Race is also part of the story, in the person of Jolene. Like the other characters, she is a many-sided and intriguing figure. She alludes to the bitter struggles for equal rights of that period, and some of her words reflect the growth of nationalist moods in the late 1960s, in response to the disappointments with the limited reforms of the era. At the same time, Jolene also feels the closest of bonds with Beth and emphasizes what they share in common.
Mr. Shaibel, whose first name we never learn, is perhaps the most substantial character next to Beth herself. We only see him on screen in the early part of the series, but his presence is felt even more strongly at its conclusion. Jolene brings word that he has died, and Beth, feeling guilty that she has not kept in touch with the man who encouraged her talent, travels with Jolene to his sparsely attended funeral service.
Later, Beth pays tribute to him when she is interviewed by a newspaper. A moving moment, it shows the connection between generations, and how the old have much to pass on to the young. The show premiered in October, making the tribute to Mr. Shaibel all the more meaningful and poignant, in this year when tens of thousands of the ill and elderly in the US, and hundreds of thousands elsewhere, have been callously abandoned to die in nursing homes.
Moreover, a meaningful historical element emerges from Beth’s journey. Chess becomes a window, in a small but meaningful way, into wider issues. She has a healthy respect for the Soviet chess grandmasters, and understands the importance attached to the game in the USSR. The brief scenes of life in the Soviet Union during this period of the Cold War are handled quite objectively. The obligatory portraits of Stalinist chief Leonid Brezhnev are seen on the walls, and the tone is not uncritical. At the same time, however, the dedication to chess that is shown, including the number and enthusiasm of the fans, suggests a high cultural level. Earlier, Benny hints at some issues when he says to Beth, “You know why the Soviets play the best chess? Because they help each other as a team. … They support each other. As Americans we work alone because we’re all such individualists.”
The closing scene of the entire series is a revealing one, keeping in mind that Tevis’s book was written in 1983, in the early years of the Ronald Reagan administration, with its renewed campaign against what Reagan termed the “Evil Empire.”
In the taxi on the way to the Moscow airport, Beth is informed by her State Department “handler” that she will be attending a special dinner at the White House.
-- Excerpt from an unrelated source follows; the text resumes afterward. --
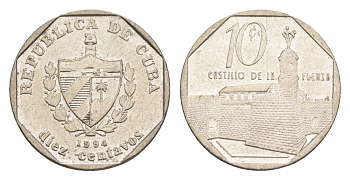 Куба 10 сентаво 1994 форт в Гаване Ла-Фуэрса KM 576.1 сталь плакированная никелем 4644-732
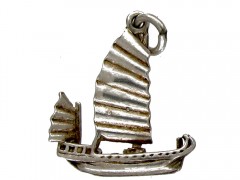 Silver Sail Boat Charm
He begins to instruct her on what she should say at the affair, when she suddenly cuts him off, instructs the driver to stop the car and simply walks away. Beth makes her way back to the site of the competition, spurning the State Department and her moment of glory to fraternize with the scores of Soviet chess players outside in the street hunched over their chessboards.
The Queen’s Gambit is a work of entertainment that can be appreciated on many levels. It must be said, however, that the popularity of a drama that treats its subject with this level of humanity, honesty and seriousness is both an indication of what is possible, and a hopeful sign for the future.